This site contains older material on Eiffel. For the main Eiffel page, see http://www.eiffel.com.

The role of object-oriented metrics

Bertrand Meyer

A shorter variant of this article appeared in Computer (IEEE), as part of the Component and Object Technology department, in the November 1998 issue.

The request I hear most commonly, when talking to project managers using object technology or about to use it, is for more measurement tools. Some of those people would kill for anything that can give them some kind of quantitative grasp on the software development process.

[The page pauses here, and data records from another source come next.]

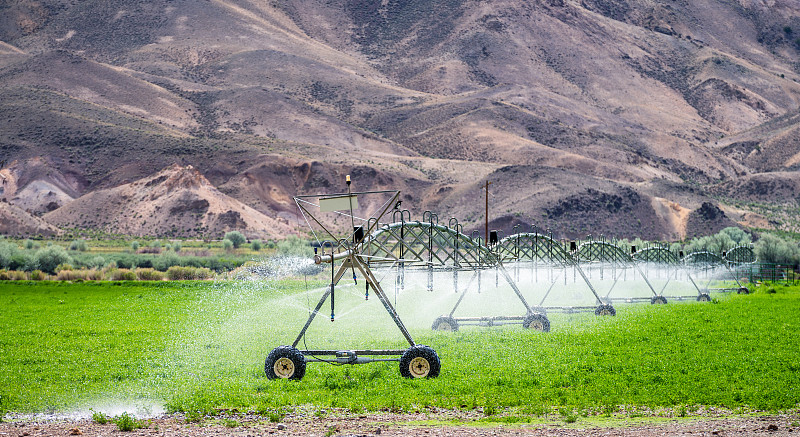 干旱农村农田的农业灌溉图片下载
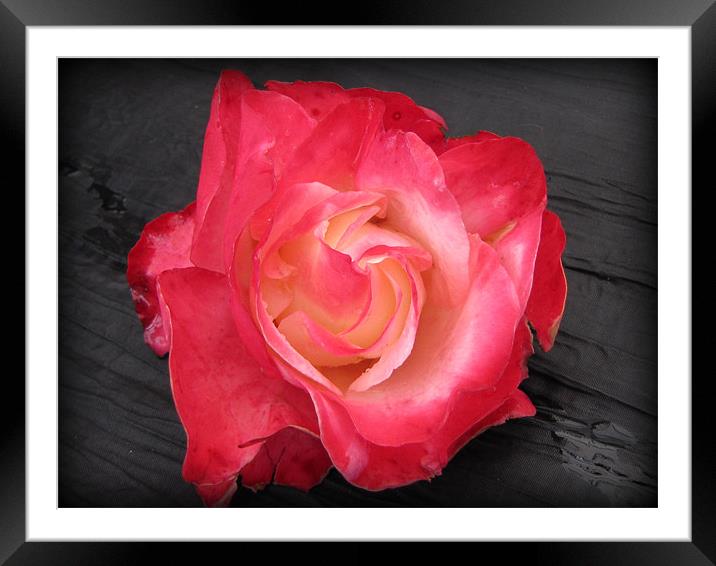 The beautiful rose Framed Mounted Print by sue davies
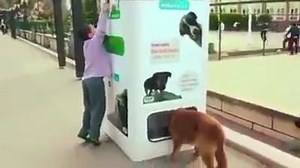 41K views · 1.3K reactions | Sowas gibt es nur in der Türkei ! Pfandflaschen = Hundefressen :)  | Türkische Models | Facebook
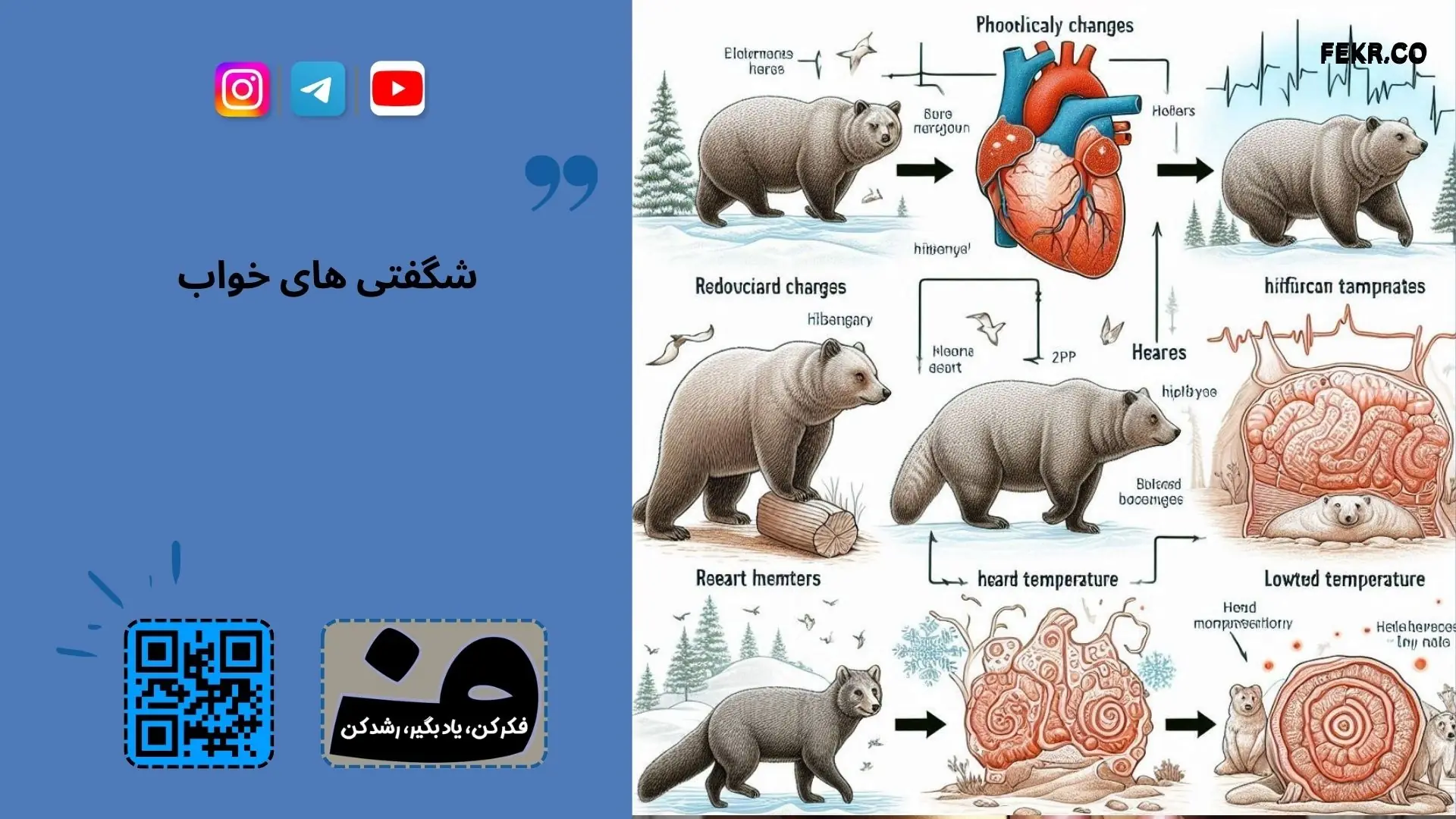 خواب زمستانی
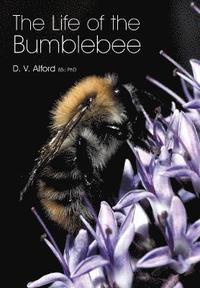 bokomslag The Life of the bumblebee
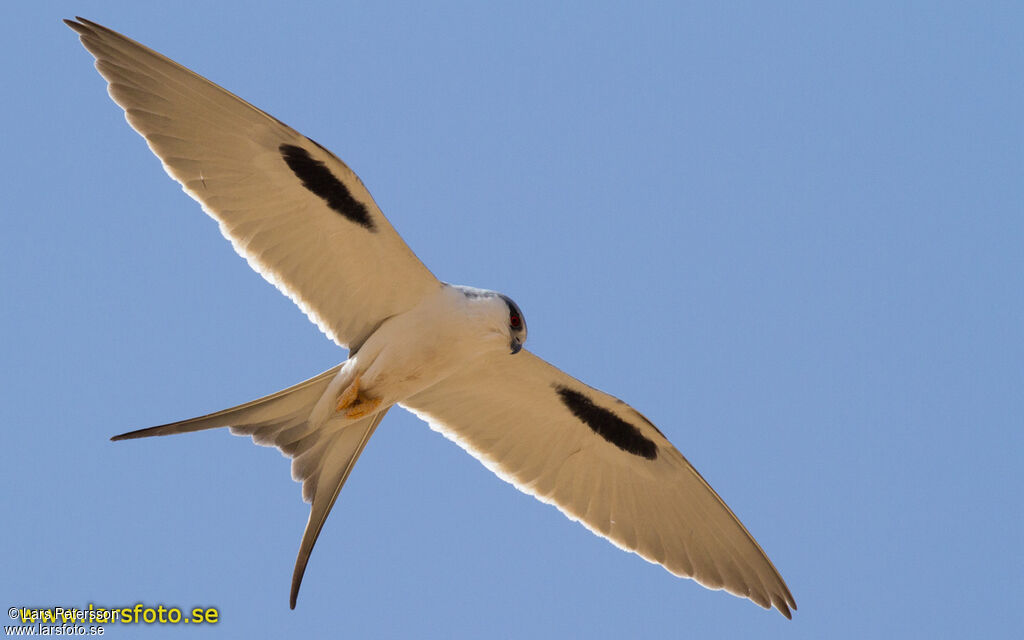 Scissor-tailed Kite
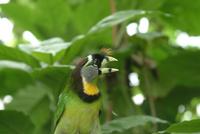 Fire Tufted Barbet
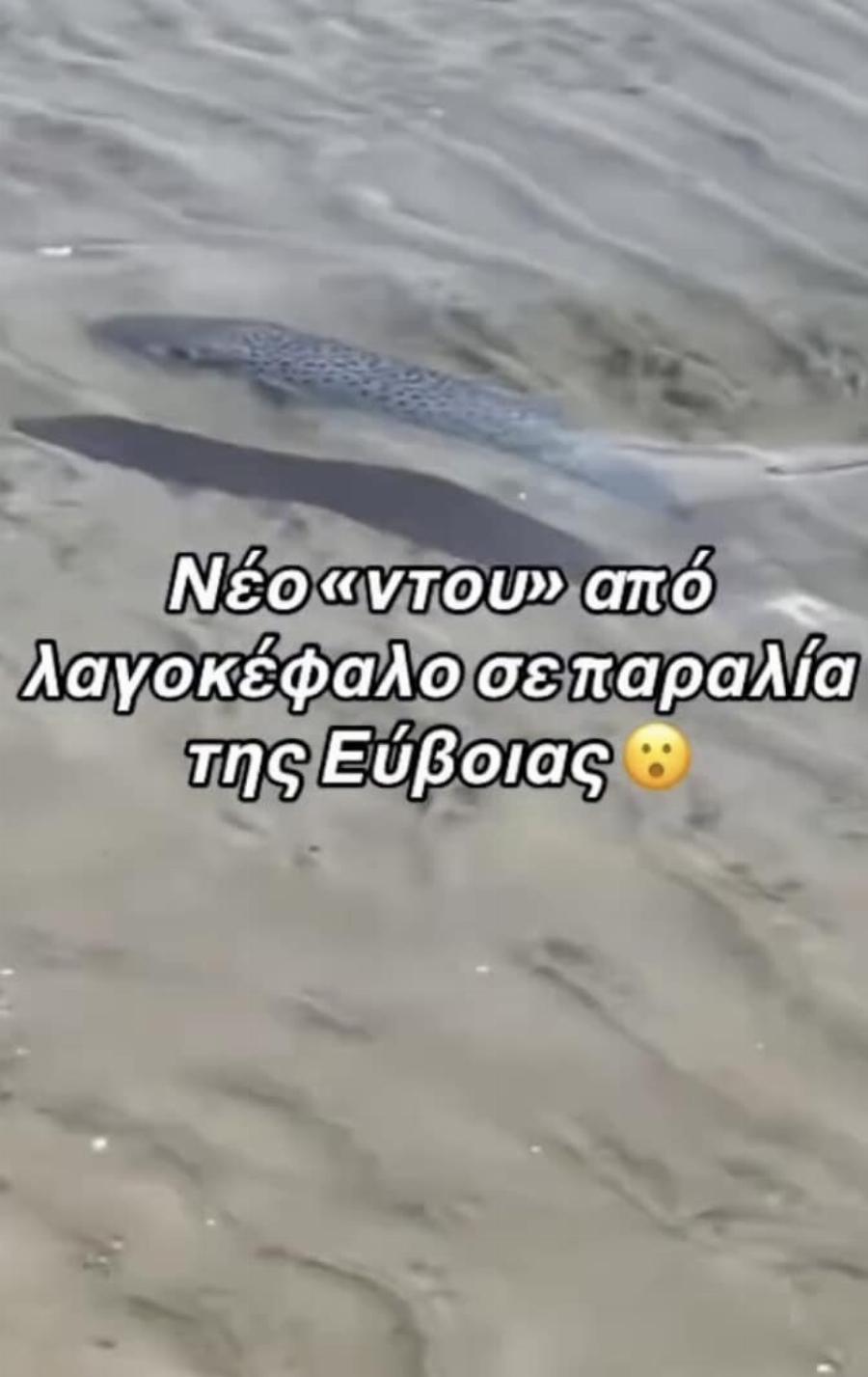 Λαγοκέφαλος βγαίνει στη στεριά με φόρα σε παραλία της Εύβοιας – Το βίντεο με τον μεγάλο πρωταγωνιστή του καλοκαιριού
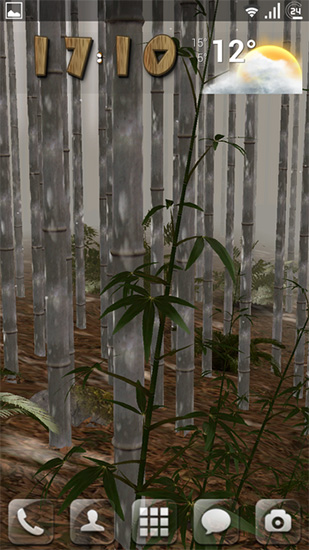 La capture d'écran Le bois de bambou 3D  pour le portable et la tablette.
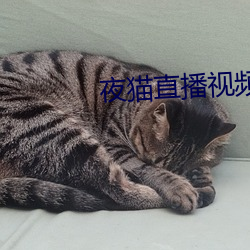 夜猫直播视频下载 （信笺）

There is in fact an extensive literature on software metrics, including for object-oriented development, but surprisingly few publications are of direct use to actual projects. Those who are often go back quite far in time; an example is Barry Boehm's 1981 Software Engineering Economics (Prentice Hall), with its COCOMO cost predictio model: despite the existence of many more recent works on the subject, it is still among the most practical sources of quantitative information and methodology.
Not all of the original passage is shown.